Com o uso do poder de compra do Estado, os gestores públicos podem saber exatamente o universo de pacientes e planejar ações para garantir a universalização do atendimento. No primeiro momento, faz sentido o Estado arcar com um custo maior, até o processo industrial ser totalmente internalizado. Aliás, outra questão muito importante é internalizar a produção de princípio ativo. Algumas empresas de capital nacional estão verticalizando sua produção, como a Libbs e a Cristália. Essa estratégia vem permitindo que algumas farmoquímicas, como a Nortec e a Globe, possam fortalecer sua capacidade produtiva, depois de terem sido praticamente destruídas durante os anos 90. Há um esforço de ampliar também a capacidade de produção das matérias-primas, das quais o Brasil depende hoje de 80% de importação.
Qual é a tendência da regulamentação da Lei 12.349?
Especular sobre isso é muito cedo, mas minha expectativa é otimista em conseguirmos uma regulamentação em prazo rápido. Há vários fóruns discutindo o tema e o Ministério da Saúde aparece como novo ator. Até então, ele era mero comprador de qualquer coisa que se colocasse no mercado. Agora, é um ministério que opina e induz os rumos do desenvolvimento.
O que falta para a o fomento ao Complexo Industrial da Saúde ser ampliado?

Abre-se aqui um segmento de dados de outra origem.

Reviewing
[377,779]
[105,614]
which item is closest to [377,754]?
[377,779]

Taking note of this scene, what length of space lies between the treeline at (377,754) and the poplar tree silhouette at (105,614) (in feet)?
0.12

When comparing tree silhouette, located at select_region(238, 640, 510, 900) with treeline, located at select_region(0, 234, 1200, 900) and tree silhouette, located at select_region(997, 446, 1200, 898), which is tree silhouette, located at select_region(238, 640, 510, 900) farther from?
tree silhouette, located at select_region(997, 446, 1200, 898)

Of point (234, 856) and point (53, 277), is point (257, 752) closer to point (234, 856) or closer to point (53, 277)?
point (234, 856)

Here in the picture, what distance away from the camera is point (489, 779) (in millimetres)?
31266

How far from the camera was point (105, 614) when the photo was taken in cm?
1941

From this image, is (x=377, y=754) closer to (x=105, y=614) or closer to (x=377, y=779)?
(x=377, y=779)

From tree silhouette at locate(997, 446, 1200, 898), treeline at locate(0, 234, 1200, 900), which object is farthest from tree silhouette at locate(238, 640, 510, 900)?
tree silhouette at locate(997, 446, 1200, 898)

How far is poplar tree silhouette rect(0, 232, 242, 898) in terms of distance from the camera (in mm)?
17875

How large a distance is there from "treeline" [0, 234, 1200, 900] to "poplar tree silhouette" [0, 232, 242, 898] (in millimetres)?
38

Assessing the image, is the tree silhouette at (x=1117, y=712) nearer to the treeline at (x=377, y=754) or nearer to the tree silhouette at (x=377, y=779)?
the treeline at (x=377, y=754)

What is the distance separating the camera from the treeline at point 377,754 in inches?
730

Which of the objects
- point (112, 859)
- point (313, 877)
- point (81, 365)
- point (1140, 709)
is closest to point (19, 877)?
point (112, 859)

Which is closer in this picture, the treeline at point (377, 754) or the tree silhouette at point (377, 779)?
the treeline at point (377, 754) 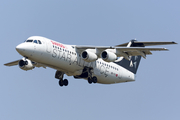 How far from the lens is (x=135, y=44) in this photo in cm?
3114

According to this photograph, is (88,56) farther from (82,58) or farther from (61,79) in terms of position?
(61,79)

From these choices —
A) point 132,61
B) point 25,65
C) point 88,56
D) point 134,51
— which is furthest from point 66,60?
point 132,61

Disseminar nas empresas a ideia da inovação e aproximá- -las das universidades. Devemos também enfrentar décadas de retrocesso. Aprovamos, por exemplo, uma lei de patentes altamente lesiva. Ao contrário da Índia, que se valeu do período de graça concedido pela OMC e aprovou ao final
desse prazo uma lei de patente extremamente restritiva, hoje o país tem um imenso parque produtivo, que produz para o mundo inteiro. Mas, curiosamente, não há qualquer relação da política de medicamentos indiana com a política de saúde. É somente a lógica do mercado. O sistema de saúde indiano é frágil, não cobre nem metade da população. Estamos tentando fazer diferente aqui. Quando você olha as 30 PPPs, todas são fundamentais para a política de saúde. Não tem descolamento.
Mas os trabalhos da maioria dessas PPPs não avançaram. Qual é a dificuldade?
São múltiplas. A relação laboratório público e empresa privada é recente e envolve problemas de gestão na rede estatal. Podem surgir problemas tecnológicos, no campo da formulação. E nem sempre o ritmo de funcionamento da instituição pública acompanha o de uma empresa privada. Porém, lembremos que é preciso ter um olhar de médio e longo prazo para as PPPs.
Uma das maiores empresas do mercado, a EMS, de capital nacional, ainda não tinha entrado em nenhuma parceria. Agora, está fechando com o Ministério da Saúde uma série de propostas. O paradigma está mudando. Quando a empresa vê que a proposta é séria, percebe que se ficar de fora vai sair perdendo. O que o ministério está garantindo é que essas parcerias tenham acesso a uma série de compras governamentais para programas de saúde pública.
As PPPs brasileiras da saúde são exemplo para o mundo?
Na área de doenças negligenciadas, existe há anos a Fundação Bill e Melinda Gates fazendo parcerias com empresas privadas. Mas ter uma visão que alia desenvolvimento econômico, inovação, política de saúde e fomento do Estado, considero bastante inovador.
Pelo que o senhor tem acompanhado pelo Isags, há experiências que o Brasil possa aproveitar?
Na América do Sul, não. O conceito do CIS é uma visão muito brasileira ainda. No Isags, estamos tentando colocar essa questão para os dirigentes de saúde. Mas diria que ainda não é uma linguagem disseminada fora do Brasil. O que verificamos como preocupação comum aos ministros da Saúde da região é a necessidade do acesso universal a medicamentos, o que vai esbarrar na discussão de patente, produção e barreiras tarifárias.
Quais são suas metas à frente do Isags?
Temos cinco políticas prioritárias. A questão do acesso universal ao sistema de saúde e a medicamentos é uma. Também buscamos entender como fazer políticas intersse- toriais de saúde, educação, ação social e redução da miséria. Além disso, temos o compromisso de formar quadros – os futuros dirigentes da saúde da América do Sul. Estamos ocupados, ainda, em pensar as dimensões de vigilância sanitária e de vigilância epidemiológica no continente.